-
Notifications
You must be signed in to change notification settings - Fork 1.1k
Open
Labels
Description
Hi everyone,
I am currently investigating how to best integrate TBB into an application (a database) that already uses its own thread-pool to distribute work. To combat issues of the data-parallelism in combination with skew, we'd like to employ TBB as a task-based parallelism alternative in certain situations.
The worker threads of the application are either executing something or waiting on a queue (a condition variable) for more work to arrive (e.g. a query run by the user).
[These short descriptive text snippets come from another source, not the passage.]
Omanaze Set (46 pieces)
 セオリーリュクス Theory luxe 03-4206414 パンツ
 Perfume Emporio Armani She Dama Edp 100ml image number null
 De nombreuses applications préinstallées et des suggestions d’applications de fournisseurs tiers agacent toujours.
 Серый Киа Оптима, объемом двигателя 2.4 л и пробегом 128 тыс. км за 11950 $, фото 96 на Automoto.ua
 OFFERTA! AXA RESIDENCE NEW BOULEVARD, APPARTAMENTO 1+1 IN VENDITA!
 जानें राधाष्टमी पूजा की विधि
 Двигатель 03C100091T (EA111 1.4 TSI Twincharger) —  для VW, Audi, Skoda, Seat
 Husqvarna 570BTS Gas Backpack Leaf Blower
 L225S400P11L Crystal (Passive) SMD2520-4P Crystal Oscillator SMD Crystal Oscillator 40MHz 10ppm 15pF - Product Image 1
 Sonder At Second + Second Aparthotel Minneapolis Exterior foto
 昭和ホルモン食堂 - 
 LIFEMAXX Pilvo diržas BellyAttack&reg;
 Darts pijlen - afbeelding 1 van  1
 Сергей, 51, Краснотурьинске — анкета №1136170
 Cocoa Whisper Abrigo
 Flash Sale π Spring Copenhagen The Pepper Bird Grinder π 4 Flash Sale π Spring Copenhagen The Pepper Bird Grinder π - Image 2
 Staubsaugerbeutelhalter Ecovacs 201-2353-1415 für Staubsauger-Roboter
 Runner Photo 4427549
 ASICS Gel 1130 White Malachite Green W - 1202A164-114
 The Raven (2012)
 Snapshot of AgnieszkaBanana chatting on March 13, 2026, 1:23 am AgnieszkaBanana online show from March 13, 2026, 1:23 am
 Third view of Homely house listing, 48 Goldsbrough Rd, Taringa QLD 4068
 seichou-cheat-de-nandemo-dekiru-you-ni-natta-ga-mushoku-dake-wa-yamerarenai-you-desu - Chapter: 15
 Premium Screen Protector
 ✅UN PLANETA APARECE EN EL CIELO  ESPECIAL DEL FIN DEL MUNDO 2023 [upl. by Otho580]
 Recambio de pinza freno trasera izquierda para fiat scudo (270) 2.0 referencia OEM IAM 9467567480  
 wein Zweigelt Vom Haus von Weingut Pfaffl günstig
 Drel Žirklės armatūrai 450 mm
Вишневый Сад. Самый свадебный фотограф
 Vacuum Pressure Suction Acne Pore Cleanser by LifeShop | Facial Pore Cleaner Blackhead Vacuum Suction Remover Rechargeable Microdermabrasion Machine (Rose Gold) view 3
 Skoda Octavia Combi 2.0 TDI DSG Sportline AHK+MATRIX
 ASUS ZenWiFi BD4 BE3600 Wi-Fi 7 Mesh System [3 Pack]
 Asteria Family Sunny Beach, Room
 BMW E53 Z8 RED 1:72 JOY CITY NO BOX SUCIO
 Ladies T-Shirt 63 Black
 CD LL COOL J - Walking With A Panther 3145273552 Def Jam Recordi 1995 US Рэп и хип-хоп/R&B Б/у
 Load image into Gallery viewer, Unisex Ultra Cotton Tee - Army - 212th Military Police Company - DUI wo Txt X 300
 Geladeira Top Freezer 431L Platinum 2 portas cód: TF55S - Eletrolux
application_worker_thread() {
while(true) {
task = queue.next(); // blocking wait
task.run(); // This may spawn TBB tasks
}
}The 2 main goals we'd like to address are
- Reducing oversubscription: Assuming all application worker threads are running some work and one of them spawns a large amount of TBB tasks, we are oversubscribing the CPU because the entire application thread pool and the TBB thread pool will be busy. The goal is to reduce the oversubscription, e.g. in this scenario that only the one application thread that spawned TBB task would execute them.
- Respecting resource group limits: The application also has a mechanism to limit resources depending on the workload (e.g. a query may only use 50% of all CPUs). Essentially we'd like to limit
#active application workers + #active tbb workers <= resource_limit
The directions I already thought about are as follows, but all of them have some drawbacks
- No explicit task_arenas at all: This means all application workers have their implicit task_arena and this leads to oversubscription if one application task spawns many TBB tasks.
- Explicit task arenas for each resource group: First it is a bit tricky to control when a thread enters these arenas, as application threads may switch between executing tasks from different resource groups. Second assume a resource limit of 50%, together with the TBB threads we will be using more than 50% of CPU.
- Essentially what I'd like to achieve is that a TBB worker thread is only active if and only if an application thread is currently waiting for a new task. I was thinking to regularly modify the global_control in the application worker thread loop, but I'm doubting whether this is a good idea.
gc = global_control(max_allowed_parallelism = hardware_concurrency)
num_active_workers = 0
application_worker_thread() {
while(true) {
task = queue.next(); // blocking wait
num_active_workers += 1
gc = global_control(max_allowed_parallelism = hardware_concurrency - num_active_workers)
task.run(); // This may spawn TBB tasks
num_active_workers -= 1
gc = global_control(max_allowed_parallelism = hardware_concurrency - num_active_workers)
}
}- another approach is that an application thread can join into a task_arena and execute TBB tasks until a new application task is available, but I didn't find a way to do this properly.
- running the application tasks directly with TBB could also help, but there are some TLS variables that are required to be setup correctly, so this is also a bit compicated.
Do you have any hints or recommendations on how to best integrate TBB into such an environment?